### Web page caption snippets
────────────────────────────────────────

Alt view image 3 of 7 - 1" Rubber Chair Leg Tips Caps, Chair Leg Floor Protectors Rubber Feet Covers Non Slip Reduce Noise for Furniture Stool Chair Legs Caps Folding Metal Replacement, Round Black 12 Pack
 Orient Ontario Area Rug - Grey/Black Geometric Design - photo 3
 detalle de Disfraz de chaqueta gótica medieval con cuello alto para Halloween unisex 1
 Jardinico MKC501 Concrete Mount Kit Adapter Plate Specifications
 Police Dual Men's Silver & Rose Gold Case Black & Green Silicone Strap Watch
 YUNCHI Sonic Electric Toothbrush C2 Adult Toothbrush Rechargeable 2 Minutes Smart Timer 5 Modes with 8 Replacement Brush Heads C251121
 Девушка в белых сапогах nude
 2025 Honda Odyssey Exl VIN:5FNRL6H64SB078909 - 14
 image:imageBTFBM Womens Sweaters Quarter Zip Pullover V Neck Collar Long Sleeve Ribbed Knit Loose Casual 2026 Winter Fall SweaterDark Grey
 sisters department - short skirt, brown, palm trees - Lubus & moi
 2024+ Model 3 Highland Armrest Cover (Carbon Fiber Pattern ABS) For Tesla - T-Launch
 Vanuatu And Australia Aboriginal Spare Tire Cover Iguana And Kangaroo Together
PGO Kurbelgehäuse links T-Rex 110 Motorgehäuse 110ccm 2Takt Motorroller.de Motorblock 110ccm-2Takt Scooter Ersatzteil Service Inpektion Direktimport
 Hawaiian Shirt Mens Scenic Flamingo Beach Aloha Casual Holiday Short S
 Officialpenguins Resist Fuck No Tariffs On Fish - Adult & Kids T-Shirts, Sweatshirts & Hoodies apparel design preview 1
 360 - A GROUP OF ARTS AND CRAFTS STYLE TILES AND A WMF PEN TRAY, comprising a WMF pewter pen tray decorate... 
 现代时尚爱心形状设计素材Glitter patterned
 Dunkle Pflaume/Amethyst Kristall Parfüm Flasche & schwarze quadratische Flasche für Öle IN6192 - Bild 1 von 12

────────────────────────────────────────

### Your goal
Copy each line of the entries exactly.

### Worked solution
Alt view image 3 of 7 - 1" Rubber Chair Leg Tips Caps, Chair Leg Floor Protectors Rubber Feet Covers Non Slip Reduce Noise for Furniture Stool Chair Legs Caps Folding Metal Replacement, Round Black 12 Pack
 Orient Ontario Area Rug - Grey/Black Geometric Design - photo 3
 detalle de Disfraz de chaqueta gótica medieval con cuello alto para Halloween unisex 1
 Jardinico MKC501 Concrete Mount Kit Adapter Plate Specifications
 Police Dual Men's Silver & Rose Gold Case Black & Green Silicone Strap Watch
 YUNCHI Sonic Electric Toothbrush C2 Adult Toothbrush Rechargeable 2 Minutes Smart Timer 5 Modes with 8 Replacement Brush Heads C251121
 Девушка в белых сапогах nude
 2025 Honda Odyssey Exl VIN:5FNRL6H64SB078909 - 14
 image:imageBTFBM Womens Sweaters Quarter Zip Pullover V Neck Collar Long Sleeve Ribbed Knit Loose Casual 2026 Winter Fall SweaterDark Grey
 sisters department - short skirt, brown, palm trees - Lubus & moi
 2024+ Model 3 Highland Armrest Cover (Carbon Fiber Pattern ABS) For Tesla - T-Launch
 Vanuatu And Australia Aboriginal Spare Tire Cover Iguana And Kangaroo Together
PGO Kurbelgehäuse links T-Rex 110 Motorgehäuse 110ccm 2Takt Motorroller.de Motorblock 110ccm-2Takt Scooter Ersatzteil Service Inpektion Direktimport
 Hawaiian Shirt Mens Scenic Flamingo Beach Aloha Casual Holiday Short S
 Officialpenguins Resist Fuck No Tariffs On Fish - Adult & Kids T-Shirts, Sweatshirts & Hoodies apparel design preview 1
 360 - A GROUP OF ARTS AND CRAFTS STYLE TILES AND A WMF PEN TRAY, comprising a WMF pewter pen tray decorate... 
 现代时尚爱心形状设计素材Glitter patterned
 Dunkle Pflaume/Amethyst Kristall Parfüm Flasche & schwarze quadratische Flasche für Öle IN6192 - Bild 1 von 12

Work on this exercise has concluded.